The International Exhibition of Hydropower and Tourism took place in Grenoble in 1925. As part of the Alpine Village exhibition, Müller helped to build a life-sized replica of the church and two houses from the village of Saint-Véran in the Hautes-Alpes. Müller also sourced traditional alpine furniture from the region to decorate the interiors.

=== University career ===
As an expert in the field of alpine archaeology, Müller taught classes at the Faculté des Lettres de Grenoble (Grenoble Faculty of Arts) from 1921-1932. This highly respected post was recognition of his work on the first occupants of the Alps.

=== Death and posterity ===
Müller died on 23 September 1933 and was buried in the old cemetery of La Tronche, near Grenoble. At the time of his death, the Musée dauphinois held 20,000 objects in its collections.

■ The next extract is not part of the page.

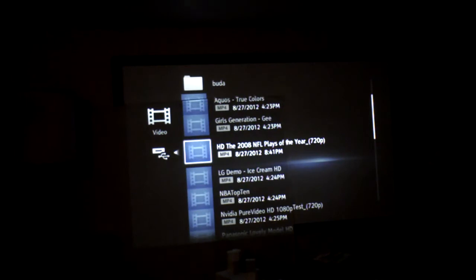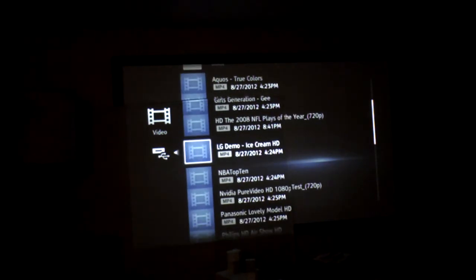Now this next one is very high quality, very much 1080p HD, let's check this one out.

Throughout his lifetime, Hippolyte Müller helped to develop the discipline of experimental archaeology, rediscovering methods used by prehistoric tribes. With scientific rigour, he described and practised techniques used to sharpen flint stones, make stone axes, work with wood and bones and carry out medical procedures and rituals, such as trepanning and dental mutilation. Among his archives, Müller left an un-finished novel in which a ship-wrecked sailor experimented, like Müller, with prehistoric techniques in order to survive.

Müller’s research, despite being related to the Dauphiné, was not bound by borders, and therefore is not restricted to the region.